Super-Injunctions, Privacy and Transgressive Sexualities

I think it was on the News Quiz that I once heard someone remark that 'super-injunction' implied it had some super-hero like qualities. Personally, I always hear some 50s American male voice-over saying the words whenever I read them (think b-movie intro) "We present Suuuuper-Injunction". Anyway, that American voice has been whirling around my head recently (yes, I'm hearing voices), especially yesterday as I, and thousands of others read the super-injucntion feed on twitter which was doing the rounds.

Today, the mainstream British have begun reporting on the tweet feeds and in one case, the denial of the story. That denial comes from the least plausable rumour (regarding Jemima Khan and Jeremy Clarkson). Khan also suggests on twitter that it's believed to be students who have published these allegations.

The slightly absurd thing is, that you can't report the others if there is a super-injunction, and the impression is left dangling in the air that the other rumours are true. Certainly, the Telegraph suggests the other rumours are all true, and this whole faff therefore amounts to the biggest media attack on super-injunctions that we have thus far seen.
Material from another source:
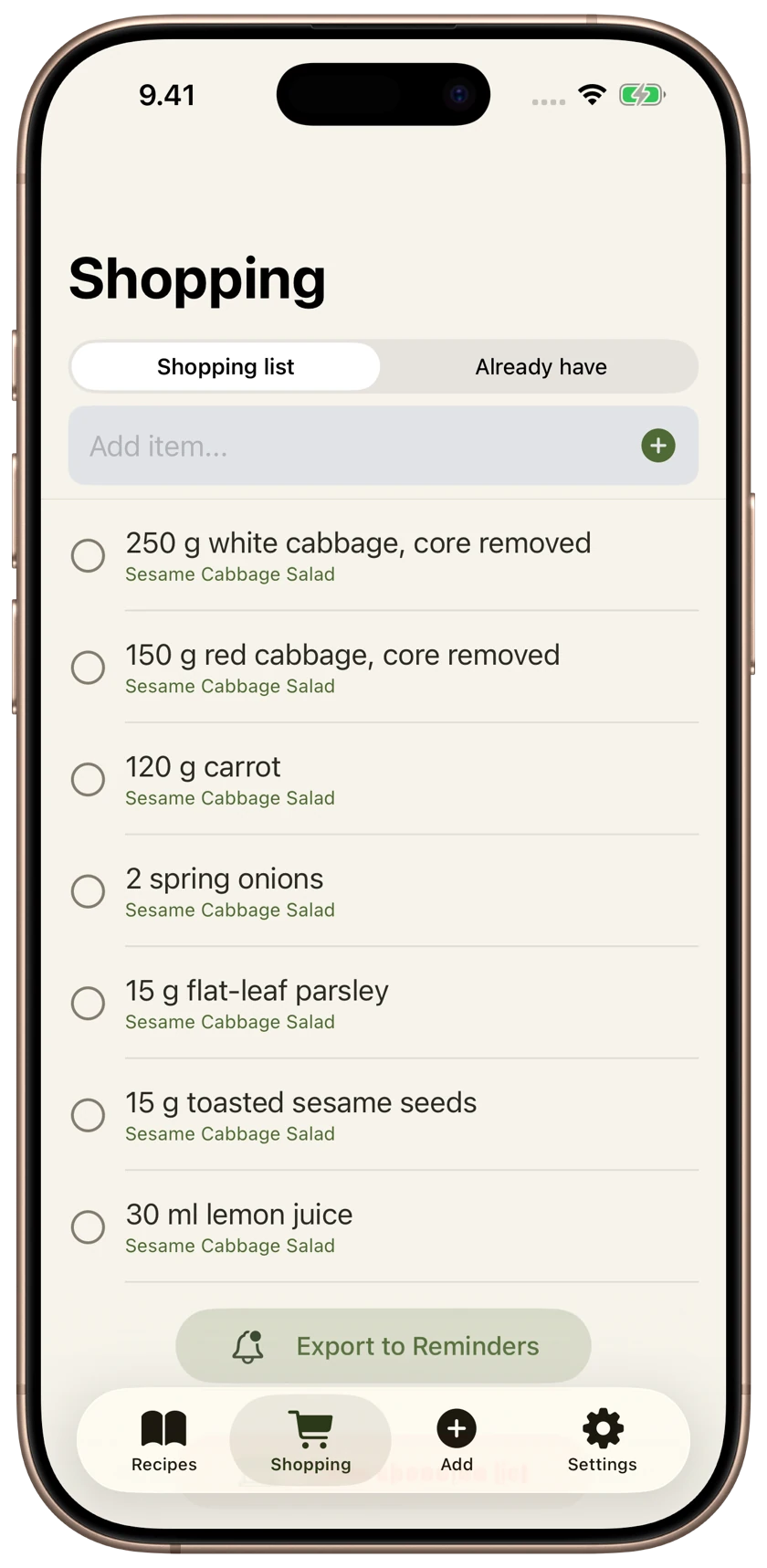 RecipeScoop shopping list with the seven missing ingredients for our sesame cabbage salad.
As a reminder, super-inunctions are where, not only do you have an induction against the media to prevent them reporting a story, but the 'super' bit stops them reporting the fact that they can't report the existence of the super-injunction. Think of a Jedia Knight lawyer gesturing his hand and saying "we were never here, now go about your business" to a journo and you're more or less there.

There are five other rumours or leaks on the original twitter account. It struck me that all concern sex. Excluding the Khan tweet (which was also about sex), two concern heterosexual extra-marital affairs, one combines sex-work with BDSM (surely, many a media's mogul's wet dream), one heterosexual sexual harassment, and another sex-work.

I have no idea whether the rumours are true or not, but as I say, the Telegraph story seems to effectively accept that the other stories are true. If they are, it is remarkable that we seem to be developing privacy laws on the back of sex (think Mosley case too), or rather transgressive sexualities.

Two of the tweets refer to sex work/prostitution. Punishing the client rather than the worker has long been the mission of law - certainly post Wolfenden - and along with legal punishments come social shaming. Yet the irony here is that it seems the law is being used to prevent the reporting of a criminal act, which seems doubly odd to me.

These stories reveal that celebrities pay for sex, and maybe ordinary people also pay for sex, maybe sex-work is not merely something that 'other people' do but something that 'we' do. Coming out about sex work could be vital in shifting our understanding and social construction of this form of commercial sexual activity.

A similar argument can of course be made about BDSM. These remains, I would suggest, the 'darkest' sexual desire in the public consciousness after inter-generational sex. Those who are revealed to engage in this practice (as in Mosley) are seen as 'working through issues', defective in some way (in much the same way as 'homosexuals' once were), and it is always seen as involving leather and whips. Of course, BDSM might not always involve such tools/toys and the complex continuum of sexual behaviour that might fit into the label BDSM is rarely discussed in the mainstream media. Again, would it really be that shocking to discover we're kinkier than our social morality tells us we are? Would civilisation crumble at such a revelation?

Finally, we come to extra-marital affairs. Please tell me we are not STILL shocked at marital infidelity. The failure of monogamy and our attempts to cover it up are one of the lasting sexual puzzles of the modern age. Law is used firstly to define the nature of a relationship between two individuals (for like Noah's ark, we apparently only go in twos), and then law is further used to preserve the illusion of pure monogamy. It is perhaps the most vivid example of the law being used to express heteronormative power.

These stories, whether true or not, tell us much about the role of law, sexuality and silence in modern Britain. We're going to hear more about them.